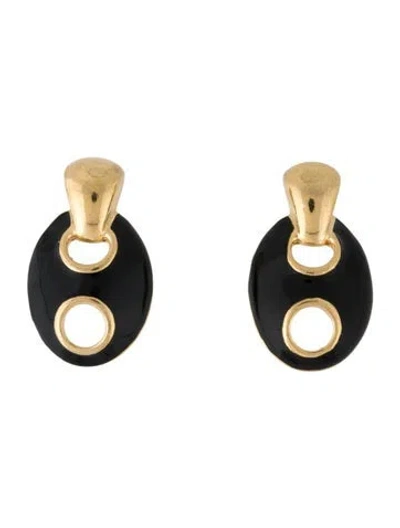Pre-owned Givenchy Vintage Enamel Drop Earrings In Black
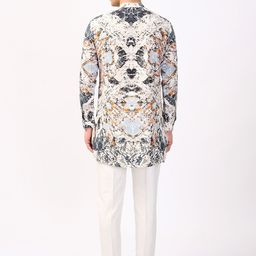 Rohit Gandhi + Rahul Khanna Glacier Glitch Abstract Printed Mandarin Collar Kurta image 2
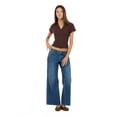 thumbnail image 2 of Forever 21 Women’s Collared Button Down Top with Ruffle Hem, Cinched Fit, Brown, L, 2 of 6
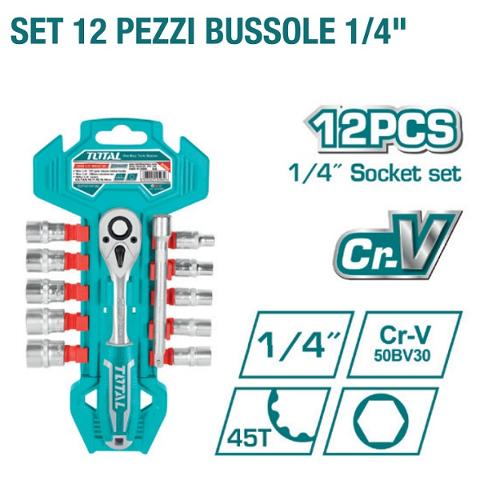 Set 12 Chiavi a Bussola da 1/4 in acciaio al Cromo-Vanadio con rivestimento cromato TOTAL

..............................

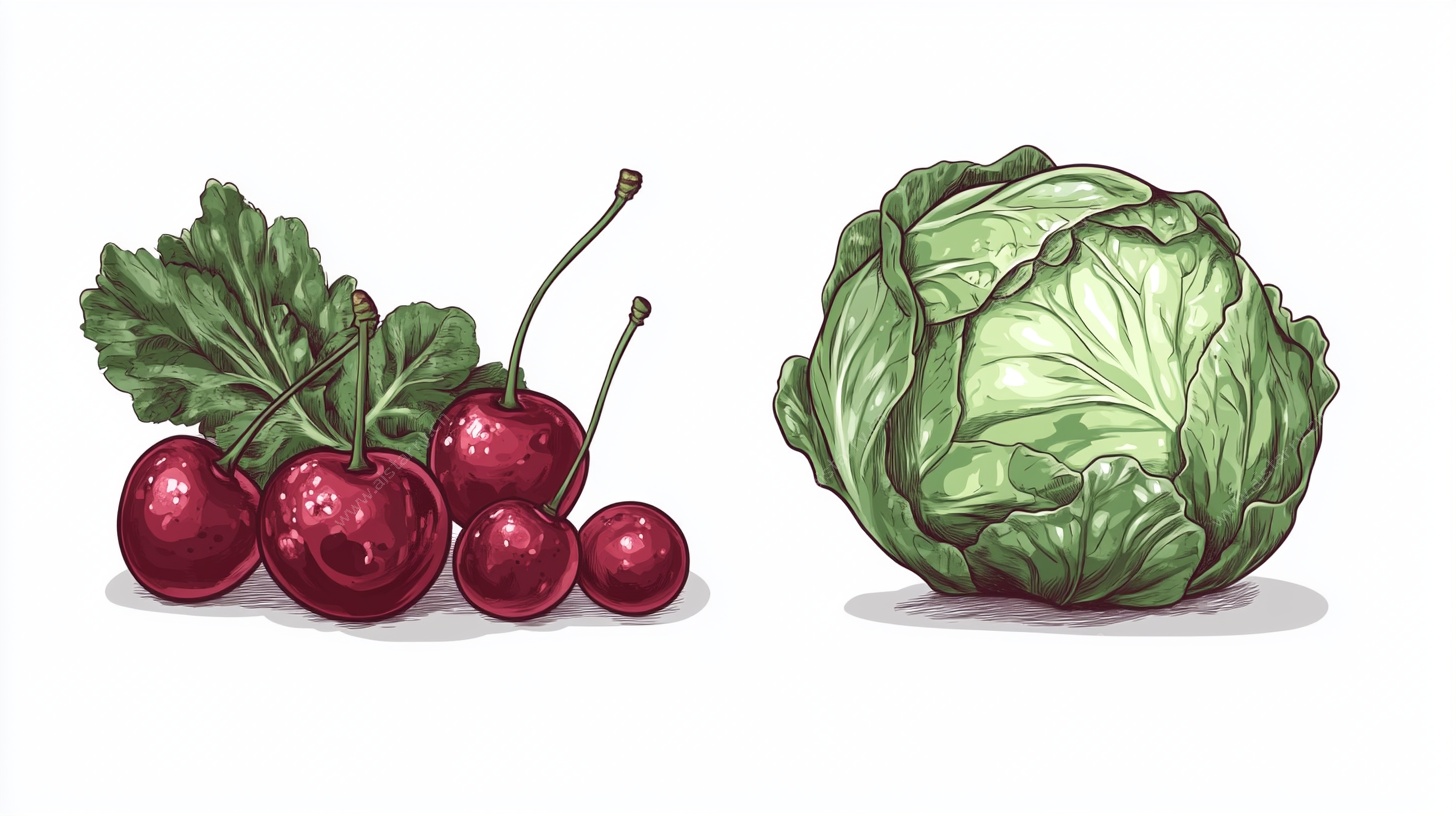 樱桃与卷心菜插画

..............................

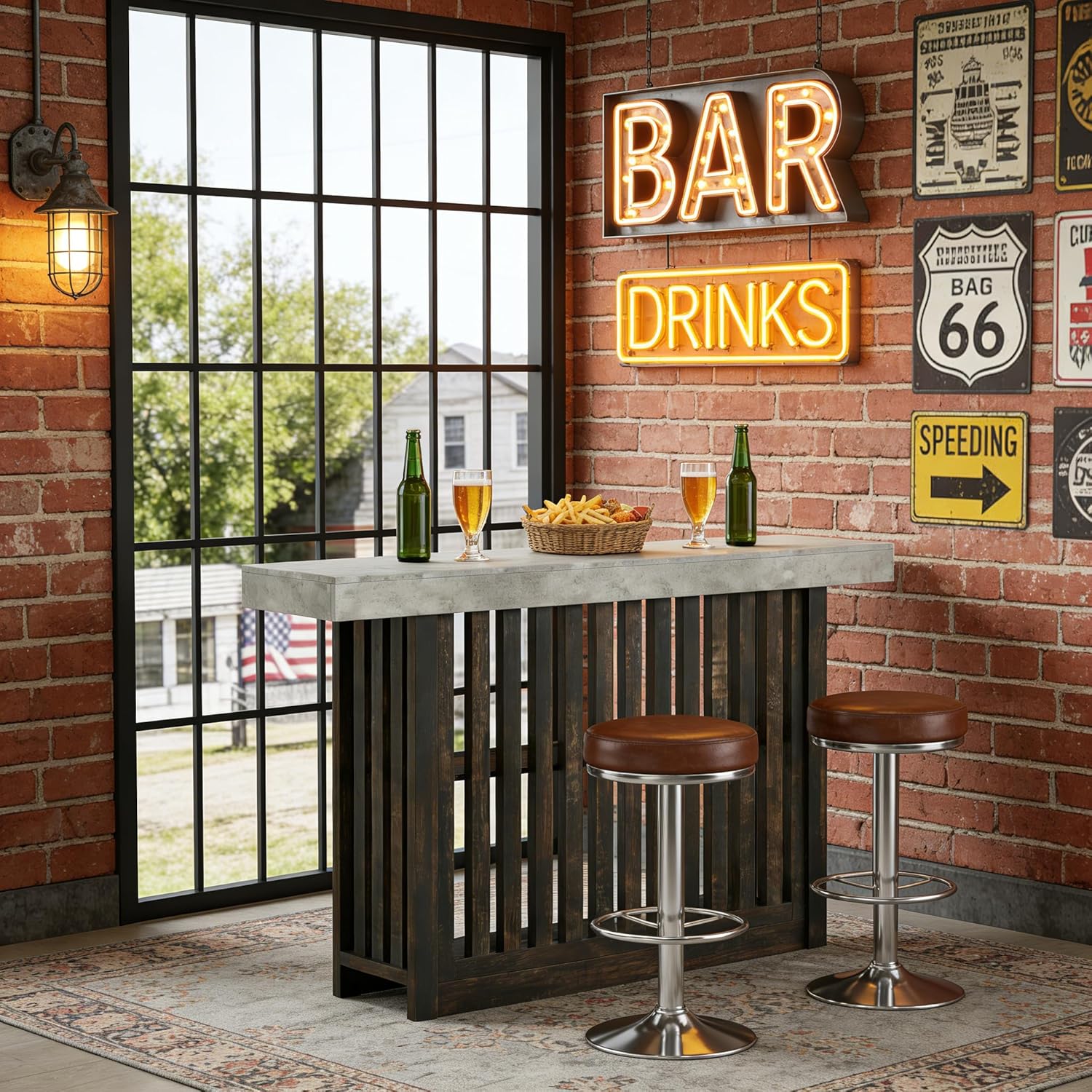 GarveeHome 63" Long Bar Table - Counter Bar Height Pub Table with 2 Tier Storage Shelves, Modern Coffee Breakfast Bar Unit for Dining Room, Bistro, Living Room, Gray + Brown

..............................

Using the records above, print exactly the lines between the ones containing "Pre-owned Givenchy Vintage" and "Set 12 Chiavi", inclusive, and nothing else; no pictures.

Pre-owned Givenchy Vintage Enamel Drop Earrings In Black
 Rohit Gandhi + Rahul Khanna Glacier Glitch Abstract Printed Mandarin Collar Kurta image 2
 thumbnail image 2 of Forever 21 Women’s Collared Button Down Top with Ruffle Hem, Cinched Fit, Brown, L, 2 of 6
 Set 12 Chiavi a Bussola da 1/4 in acciaio al Cromo-Vanadio con rivestimento cromato TOTAL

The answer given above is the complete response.